In the atmosphere, there are enough components to ensure a long wave radiation according to SB law.: GHG (CO2, water, methane, nitrogen oxide), liquid water in form of clouds (cloudiness is about 60% of the Earth surface), and aerosols (liquids and solids).
Please have a look at this simple two layers model which is just assuming the existence of an atmosphere, regardless of its composition: http://climate.mr-int.ch/TwoLayersClimateModel.html
After having taken various feedback mechanisms the calculated surface temperature increase due to GHGs since the beginning of the industrial era is approx. 0.4°C, quite below values cited in most papers about warming, in particular by the IPCC. But some warming takes place thanks (or because of) GHGs.

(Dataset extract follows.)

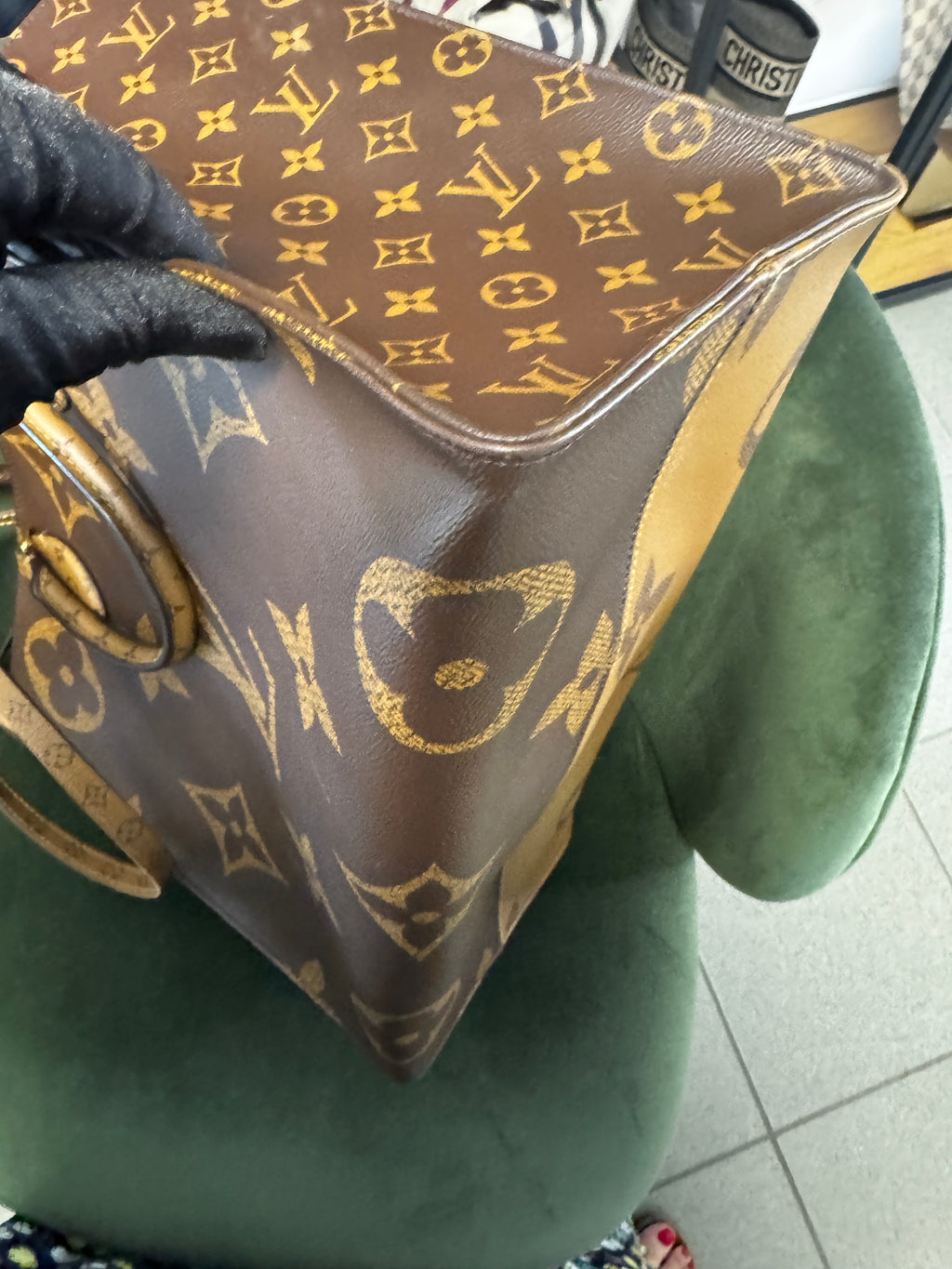 Louis Vuitton Tote Onthego GM in Tela Monogram e Monogram Reverse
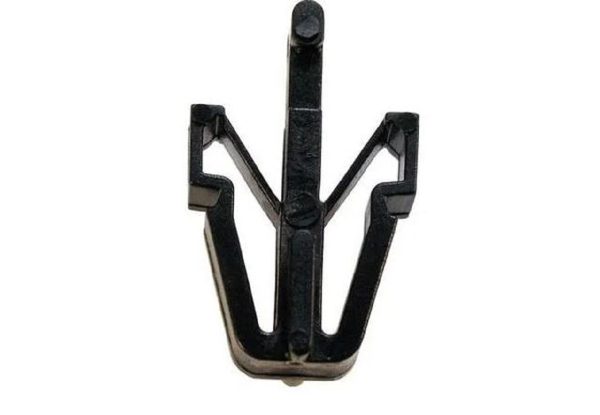 CLIP DE PARRILLA  HILUX 1991-2004 Original - Imagen 1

For any doubling of the atmospheric CO2 concentration a temperature increase of 0.5-0.6 °C can be expected.
A simple (simplistic?) model giving reasonable orders of magnitude, and satisfying the golbal heat balance requirement.

Phillip Bratby
January 14, 2012 2:18 am

Alexander Feht:
I don’t usually quote Wikipedia, But Ludwig Boltzmann’s superviser/tutor was Josef Stefan.
And I agree with other, all gases radiate EM if above 0K. It can’t be ignored if a “greenhouse gas”-free atmosphere is being hypothesised.